Start website main content

Big Data: opportunities and challenges


Data availability, as well as the chances of integrating information from multiple sources, are rapidly growing in each of EMbeDS research areas. For instance:

  • Innovation and the 4th Industrial Revolution: contemporary databases on patents and scientific publications comprise millions of observations and hundreds of variables. Combined with firm-level microdata, these allow for detailed empirical analyses and characterizations of the technological paradigms and trajectories of Industry 4.0.
  • Industrial Dynamics, Firms Competitiveness and Financial Markets: several sources of micro-data (including online “scraping”) can be integrated and triangulated to produce very detailed datasets on firms’ behavior – which can then be combined with data from traditional sources and official statistics. Further, one can generate data that capture the interactions of different economic agents as networks (firms’ alliances, international trade, etc.). Finally, massive amounts of data are available on financial transactions (prices and quantities), both for titles and for commodities.
  • Economies as Evolving Complex Systems: big empirical data and data produced by massive simulations are used to validate and calibrate, at the micro-and macro-level, Agent-Based Models (ABMs) that reproduce the evolution of economic systems accounting for a large number of details and variables. ABMs require specialized computational capabilities, both in terms of hardware and in terms of software, as well as sophisticated statistical approaches to investigate their structural and emergent properties.
  • Social and Environmental Sustainability: changes in climate, in the availability of natural resources and in the quality of ecosystems can be investigated by integrating and analyzing high temporal frequency and spatial resolution data on environmental parameters, data on the environmental impacts of raw materials and production processes, data on the economic impacts of catastrophic meteorological events, etc. Concerning healthcare, we collect an enormous amount of data on the functioning and usage of Italian regional and national systems, and are augmenting these data through novel surveying technologies to measure patients/users’ experiences and outcomes.  

… and Challenges

Exploiting these opportunities to spur major research progress requires sophisticated modeling approaches and state-of-the-art statistical and computational tools to gather, integrate and analyze big data.
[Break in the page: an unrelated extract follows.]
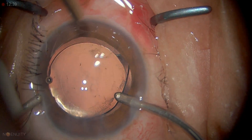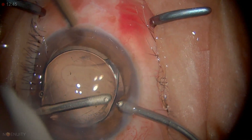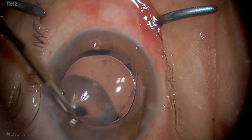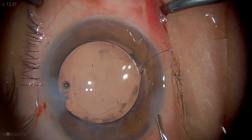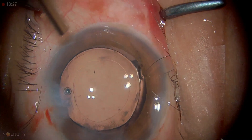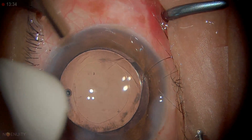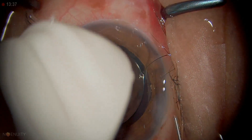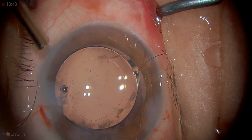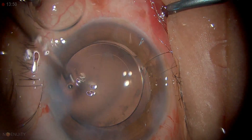Always go in with the infusion first, and then take the other instrument out. We'll just clean up the subcapsular area a little bit — it's always nice to have a clean capsule. Visualization of the retina is better when the capsule is polished. It's always good to over-inflate it a little bit, but remember at the end you need to tap it so that the intraocular pressure is not high, because that causes two problems: it causes pain to the patient postoperatively as the block wears off, and it will endanger the optic nerve. The last part is to give some intracameral Vigamox, which I always do, and some on the cornea as well.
We work on many such approaches and tools, including non-linear dynamical systems; stochastic models; non-parametric and semi-parametric statistics; models and statistical methods for networks; machine learning techniques for emulating and validating ABMs; techniques for the computational assessment of statistical inferences (e.g., resampling, random permutation and perturbation schemes, Monte Carlo simulations); and methods for the analysis of high-dimensional and structured data (e.g., dimension reduction, feature selection e feature screening algorithms). We also note that utilizing big data for research purposes, in many of EMbeDS areas, requires special care for issues of privacy, data protection, and data safety. Legal and ethical aspects related to these endeavors are part of the competencies represented in the DIRPOLIS Institute of the Sant’Anna School.